Tuesday, December 31, 2002
Monday, December 30, 2002
Sunday, December 29, 2002
I get up late today around 1p.m. I am so tired. I procrastinate. I’m starting to get worried. It’s the feeling you have when you know something is definitely wrong and you just don’t have an urge to know what. I go at around 3pm finally. The doctor finds nothing. He tells me to go see Dr. T, my regular physician.
Saturday, December 28, 2002
Thursday, December 26, 2002
Tuesday, December 24, 2002
Christmas Eve-what a day to remember. I remember having way too much fun with friends the night before. I remember waking up with my socks, sweats, t-shirt and Columbia sweat jacket. I remember I was cold when I went to bed. I first notice that my feet feel a little tingly. My socks must have been tight around my ankles. I take them off. Sure enough, there are rings from poor circulation. I think nothing else of it. I go about the morning wondering why my feet don’t wake up.
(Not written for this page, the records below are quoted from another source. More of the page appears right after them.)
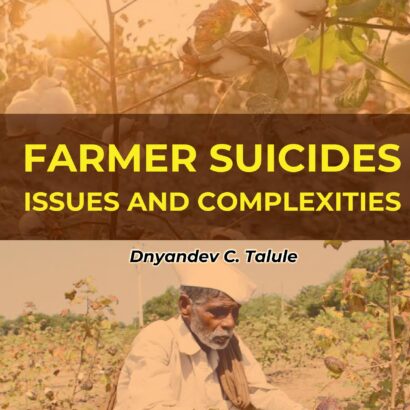 Farmer Suicides: Issues and Complexities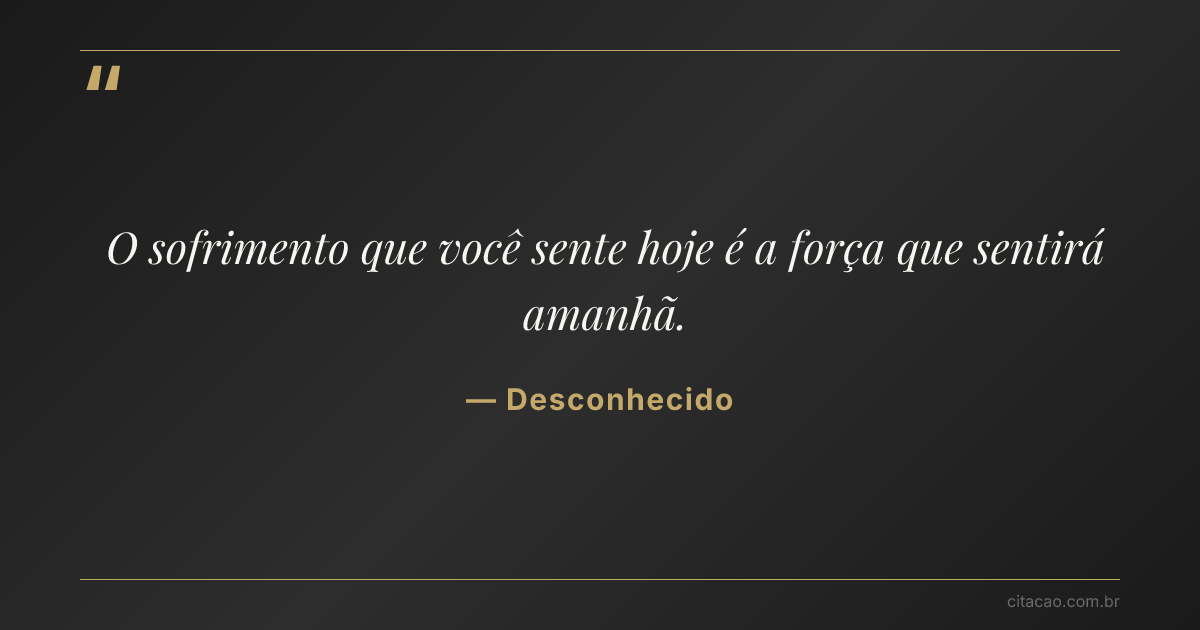 Citação de Desconhecido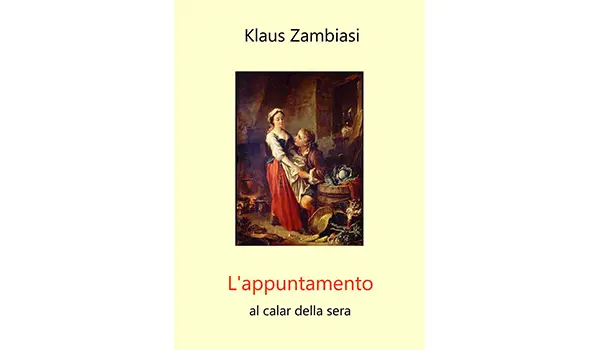 Libri: “L'appuntamento” di Klaus Zambiasi, un viaggio tra passione e introspezioneLibri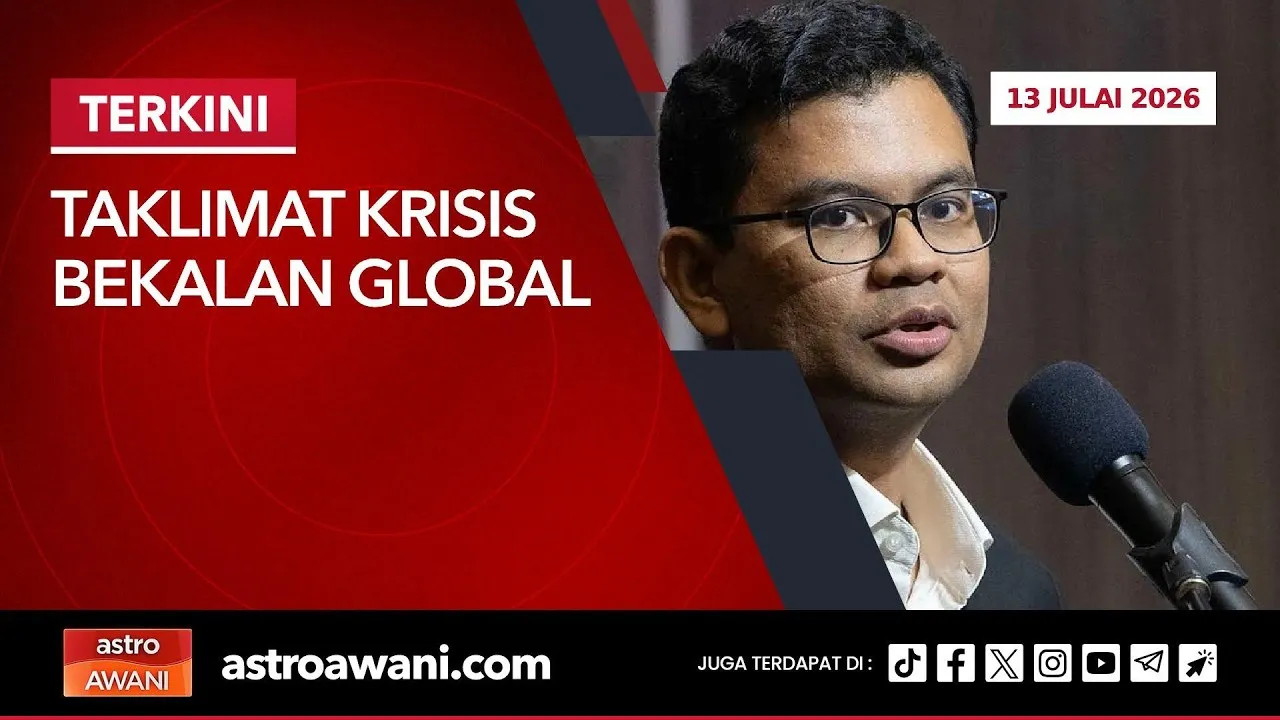 [TERKINI] Taklimat Krisis Bekalan Global | 13 Julai 2026
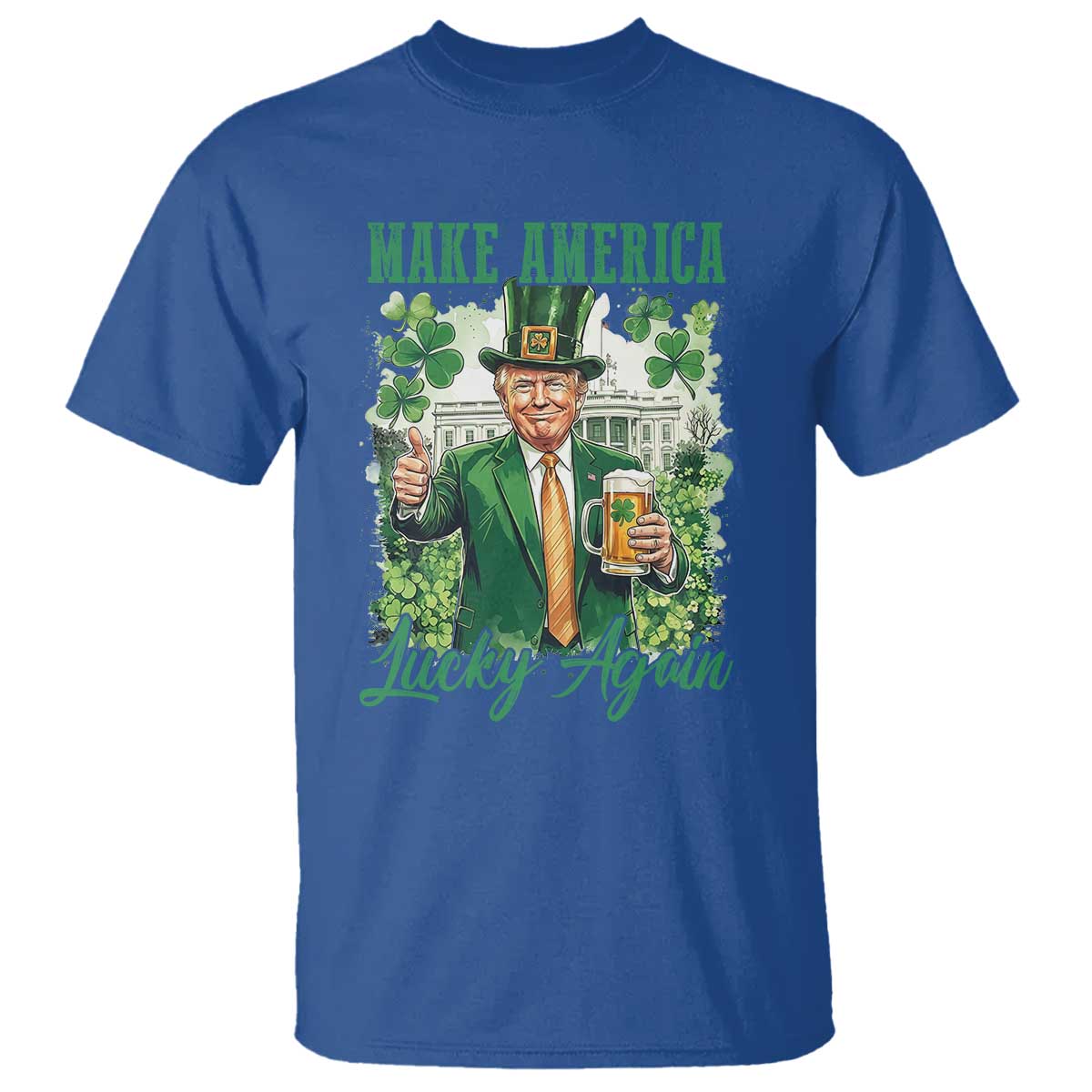 Funny Trump St Patricks Day T Shirt Make American Lucky Again TS14 Royal Blue Print Your Wear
I take a shower. As I wash my hair, I realize my fingertips are numb. I think maybe I have partied way too hard since I have been home; maybe I need a lot of water and some more sleep.
Sunday, December 22, 2002
I’ve always been an optimistic person ever since I hit rock bottom in May of 1996. I swore I would never let anything get the best of who I was as a person and I still don’t. I ultimately try to look for the good in every situation. There is a time in everyone’s life at some point that they think they are invincible and on top of the world. No one can touch them, no one can keep them down, and they love everything in their life, until something on a grander scale changes them. It happened to me.
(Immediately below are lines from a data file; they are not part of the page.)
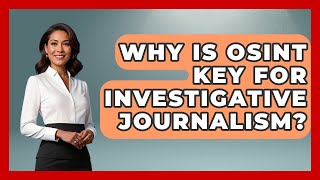 Why Is OSINT Key For Investigative Journalism - Journalism Explained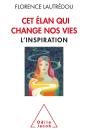 Cet Élan Qui Change Nos Vies ; L'Inspiration - Preview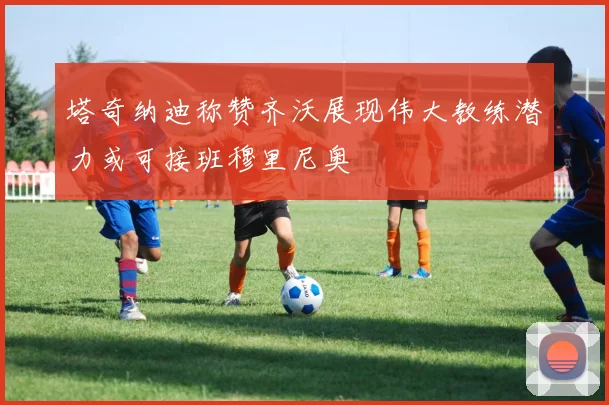 塔奇纳迪称赞齐沃展现伟大教练潜力或可接班穆里尼奥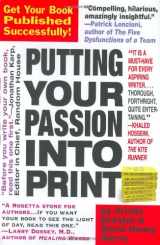 9780761138174-076113817X-Putting Your Passion Into Print: Get Your Book Published Successfully!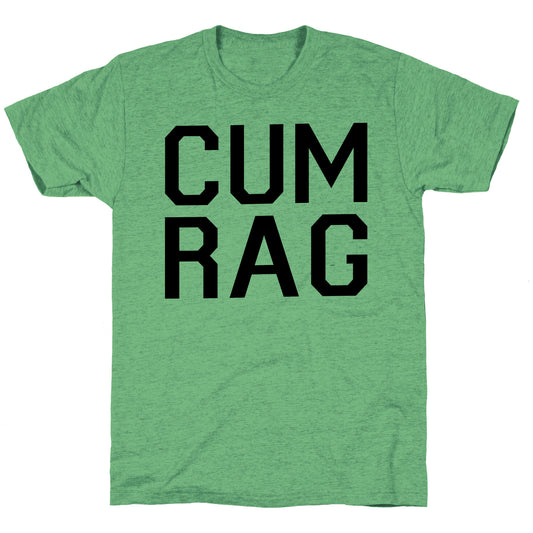 Cum Rag Unisex Triblend Tee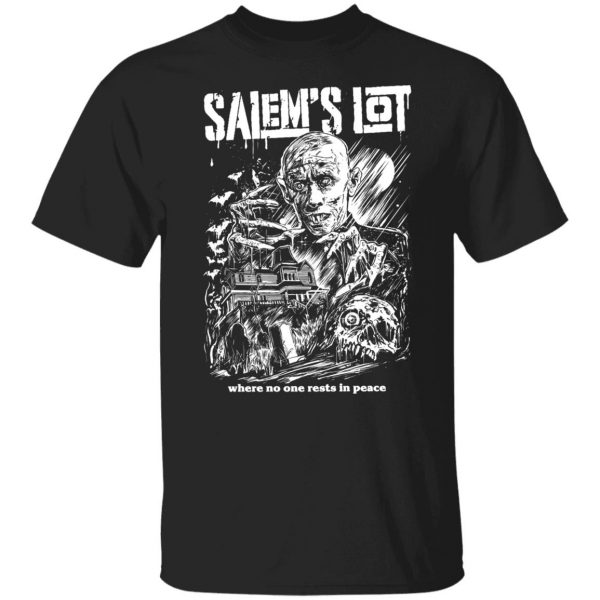 Salem’s Lot Where No One Rests In Peace T-Shirts, Hoodies, Sweater Apparel 9
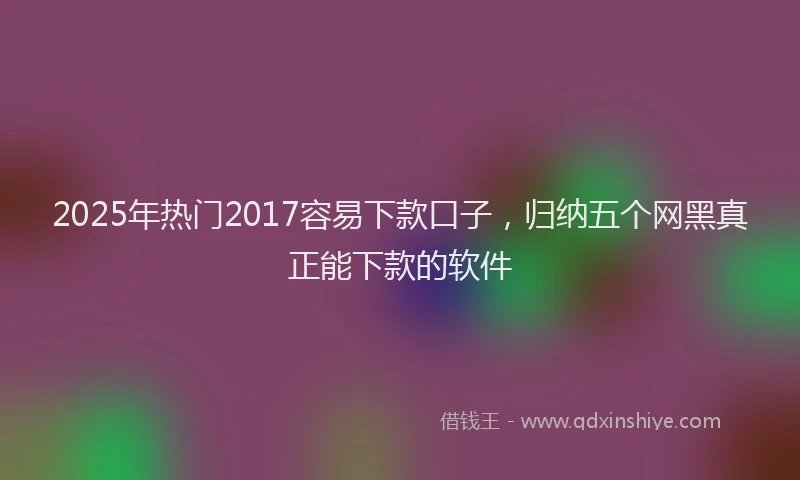 2025年热门2017容易下款口子，归纳五个网黑真正能下款的软件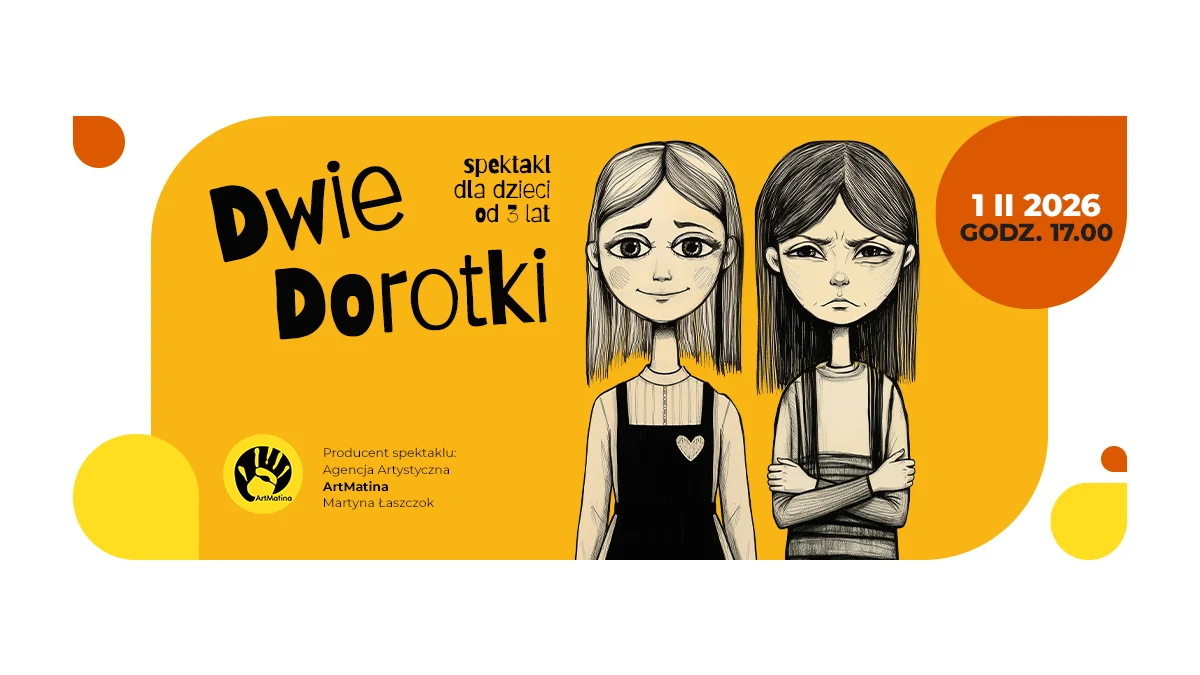 "Dwie Dorotki" – bajkowa przygoda dla dzieci w Rudzie Śląskiej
At the time, I was recently divorced (July), had just sold my house (September) and moved into my new apartment with my dog, Neige (October). I was enjoying my single life and my newfound self once again. I was spending a great deal of time with my friends and most recently, Thanksgiving with my family.
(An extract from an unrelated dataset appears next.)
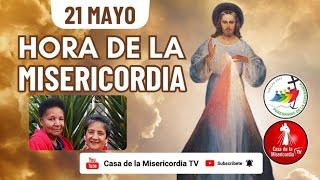 Hora de la Misericordia / 21 de Mayo del 2025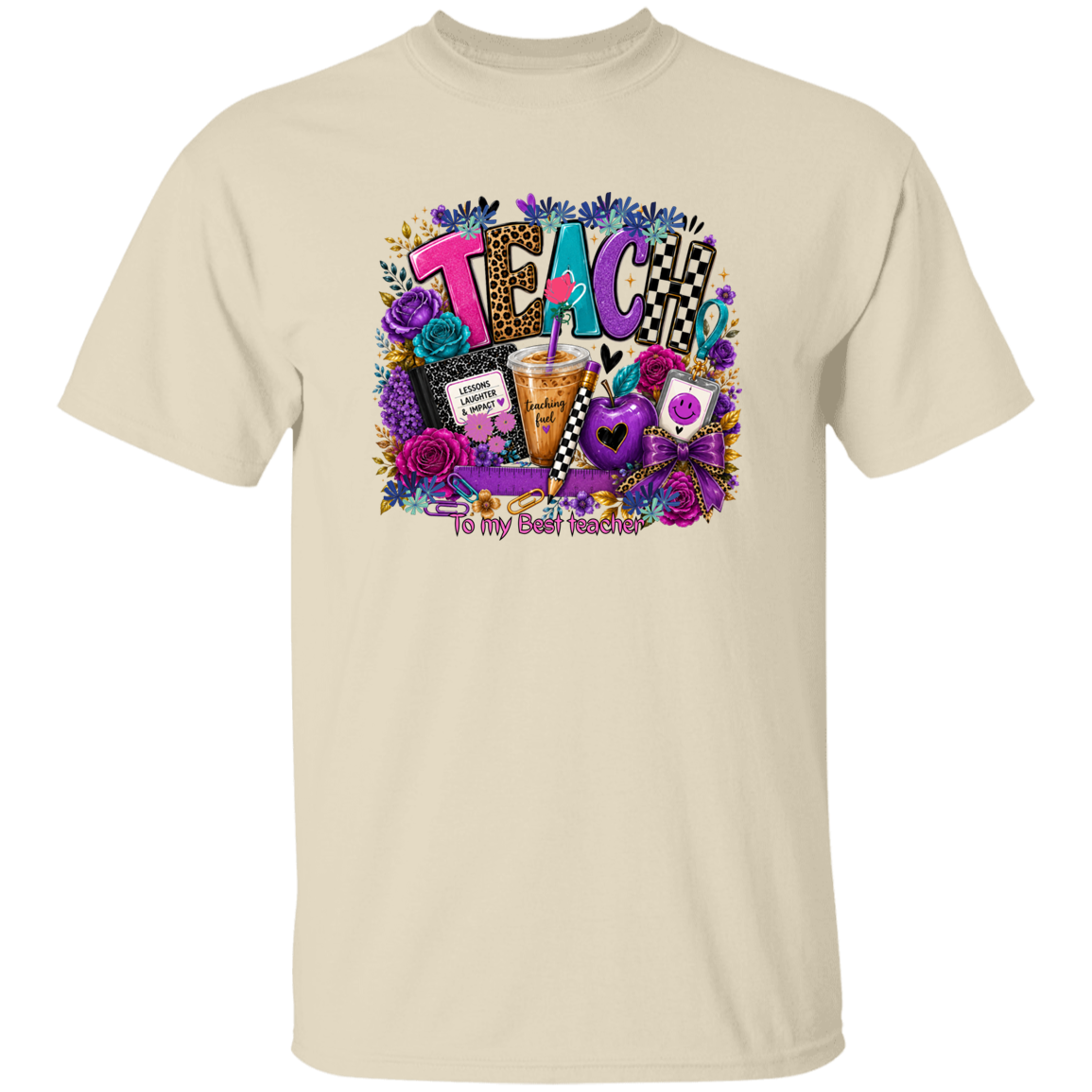 A natural crewneck t-shirt featuring a colorful graphic print on the front with the word 'TEACH' surrounded by flowers, a drink, and the text 'To my Best Teacher'.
It was the best family get together that I had ever encountered. It seemed as if grudges, once so long and futile, had disappeared. It was the first time in my life that everyone supported and appreciated each other, cared deeply about how or what each other was doing, and most of all were just comfortable around one another even though we are all very different people.
Lucky for me, the calm showed up at just the right junction in my life...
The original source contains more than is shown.